Task directions
Repeat the lines of the data exactly and exclude any picture among them.

Collected material
☆ ☆ ☆ ☆ ☆

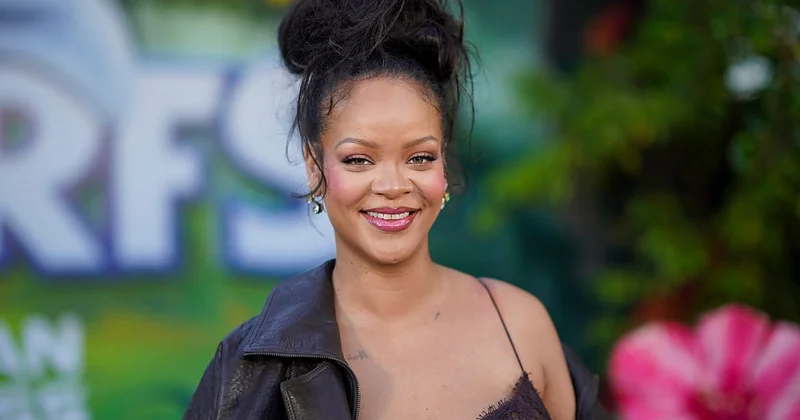 Rihanna evinə hücum olunduğu gecədən danışdı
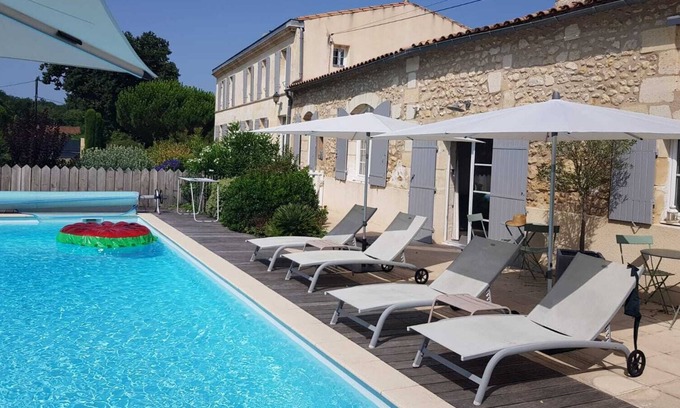 Soussans House | Warm house, with swimming pool, in the heart of the vineyards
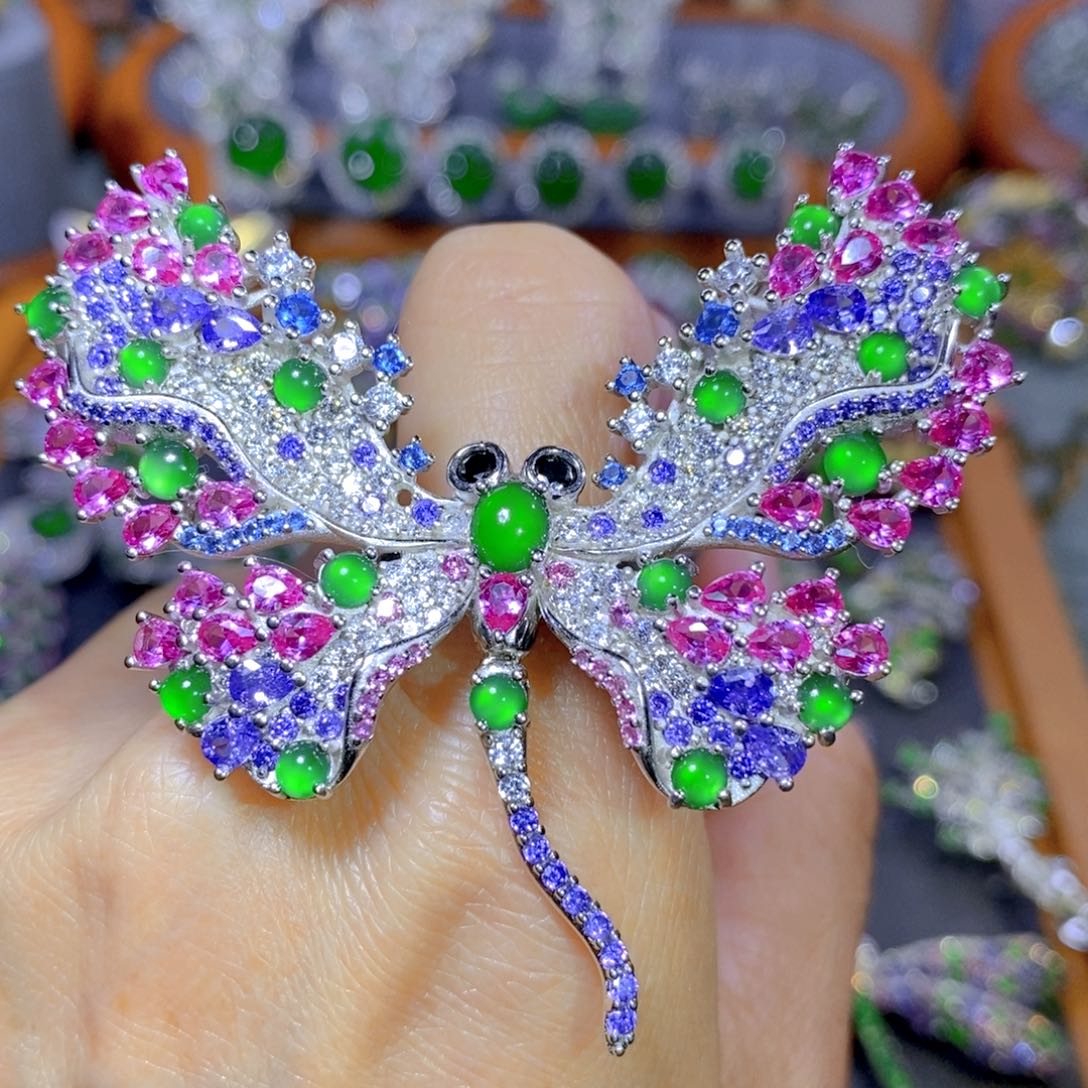 翡翠颈饰银S925镶嵌天然翡翠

☆ ☆ ☆ ☆ ☆

Written answer
 Rihanna evinə hücum olunduğu gecədən danışdı
 Soussans House | Warm house, with swimming pool, in the heart of the vineyards
 翡翠颈饰银S925镶嵌天然翡翠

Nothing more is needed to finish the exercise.